In May 2003, Islamist fanatics bombed five sites -- among them, notably, the Spanish social club Casa de España and a Spanish restaurant -- in Casablanca, Morocco, killing dozens of people. Considering that Spanish troops would not arrive in the Middle East for another three months, these attacks could not have been motivated by Spain's "occupation" of Iraq. Moreover, investigators believe that the Casablanca blasts were planned by some of the same agents who carried out the Madrid bombings; and one of the surviving Madrid perpetrators now stands indicted for taking part in the planning for the September 11 attacks in the United States. Iraq is irrelevant.
If the terrorists had intended simply to punish the Spanish people for going to Iraq, then, presumably, the voters' election of a more pliant government which promised to leave that country should have satisfied them. It had the opposite effect. On April 2 -- some three weeks after the Socialist Party's upset win -- an undetonated explosive device was found beneath the tracks on the Madrid-Seville high-speed line. Then, in a handwritten April 3 note faxed to the Spanish daily ABC, a group calling itself "Ansar al-Qaida Europe" claimed responsibility and upped the ante, now demanding that Spain withdraw not only from Iraq, but also from Afghanistan.

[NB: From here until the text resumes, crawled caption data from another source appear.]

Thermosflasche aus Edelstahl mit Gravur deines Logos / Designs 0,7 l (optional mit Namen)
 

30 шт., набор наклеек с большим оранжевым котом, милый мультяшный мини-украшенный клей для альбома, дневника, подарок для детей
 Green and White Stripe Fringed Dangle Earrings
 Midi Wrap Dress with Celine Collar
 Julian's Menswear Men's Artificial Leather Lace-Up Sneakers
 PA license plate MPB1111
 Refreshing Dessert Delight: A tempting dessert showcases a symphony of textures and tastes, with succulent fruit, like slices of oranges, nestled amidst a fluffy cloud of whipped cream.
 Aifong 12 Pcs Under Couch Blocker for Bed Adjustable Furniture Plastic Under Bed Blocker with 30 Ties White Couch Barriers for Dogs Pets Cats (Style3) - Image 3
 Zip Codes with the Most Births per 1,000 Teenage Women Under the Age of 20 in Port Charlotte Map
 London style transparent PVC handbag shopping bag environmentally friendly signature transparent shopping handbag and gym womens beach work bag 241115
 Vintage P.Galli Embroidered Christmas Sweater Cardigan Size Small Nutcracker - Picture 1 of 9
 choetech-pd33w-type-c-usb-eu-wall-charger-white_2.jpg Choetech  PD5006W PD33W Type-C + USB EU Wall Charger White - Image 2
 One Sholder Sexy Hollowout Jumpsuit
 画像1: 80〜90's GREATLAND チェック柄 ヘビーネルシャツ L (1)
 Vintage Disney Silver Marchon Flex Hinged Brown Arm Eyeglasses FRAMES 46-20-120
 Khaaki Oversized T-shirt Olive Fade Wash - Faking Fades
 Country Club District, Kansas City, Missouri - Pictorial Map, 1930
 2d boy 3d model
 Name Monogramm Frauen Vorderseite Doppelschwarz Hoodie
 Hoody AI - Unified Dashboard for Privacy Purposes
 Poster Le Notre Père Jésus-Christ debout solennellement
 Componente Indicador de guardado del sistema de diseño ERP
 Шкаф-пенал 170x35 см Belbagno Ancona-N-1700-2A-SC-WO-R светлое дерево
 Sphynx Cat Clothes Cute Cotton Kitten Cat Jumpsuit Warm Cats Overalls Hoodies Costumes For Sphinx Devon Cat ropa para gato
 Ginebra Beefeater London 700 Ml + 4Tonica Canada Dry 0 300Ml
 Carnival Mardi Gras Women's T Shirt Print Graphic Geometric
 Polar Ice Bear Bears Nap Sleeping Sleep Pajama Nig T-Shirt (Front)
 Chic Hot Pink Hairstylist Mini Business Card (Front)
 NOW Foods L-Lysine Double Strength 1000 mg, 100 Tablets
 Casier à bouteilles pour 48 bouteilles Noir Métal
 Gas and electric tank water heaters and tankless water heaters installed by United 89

In addition, the terror suspects who, surrounded by police, brought down their apartment building in a Madrid suburb on the same day evidently were planning to follow up on the horror of March 11. Ángel Acebes, the interior minister at the time, noted that "They were going to keep on attacking because some of the explosives were prepared, packed, and connected to detonators."
Despite widespread public opposition to sending troops to Iraq, numerous opinion polls in the weeks prior to the election showed the governing Popular Party running 5-8 points ahead of the Socialists. Although there is little credible evidence to link the March 11 bombings to the situation in Iraq, the psychological connection of the Socialist victory to the attacks is undeniable. Like former boxer Roberto Durán, who once used a certain inglorious phrase to quit a fight, a certain swing group of Spanish voters cried, "¡No más!"
For their pacifist pleadings they were soon rewarded with more swings to the jaw; and in the wake of these the new president, José Luis Rodríguez Zapatero, speeded up the removal of his country's troops from Iraq, as if that would do any good. On October 18, Spanish police arrested eight more Islamists, in response to what Agence France-Presse reported was a plan to strike the country's National Court with an 1,100-pound truck bomb. But the troops are long since gone -- why is this still going on?
By and large, anti-war folks are nice people: they don't like to meddle in other nations' affairs. But it is a grievous mistake to think that if we'd just leave others alone, ipso facto those others would leave us alone too. Were it that simple, Attila the Hun and Genghis Khan would have led quiet careers in horse husbandry.
Fouad Ajami noted in the Wall Street Journal last March 22 that "Of all the larger countries of the EU [European Union], Spain has been the most sympathetic to Palestinian claims.... With the sole exception of Greece, Spain has shown the deepest reserve toward Israel." Our sympathy and reserve are not what the Islamists seek. As Saudi Arabia's leaders have discovered, even the adoption of strict shari'a law and sponsorship of fundamentalist Koranic schools around the globe are not nearly enough to placate the jihadists. Only complete submission to their ideology will do; to believe otherwise is a dangerous fantasy.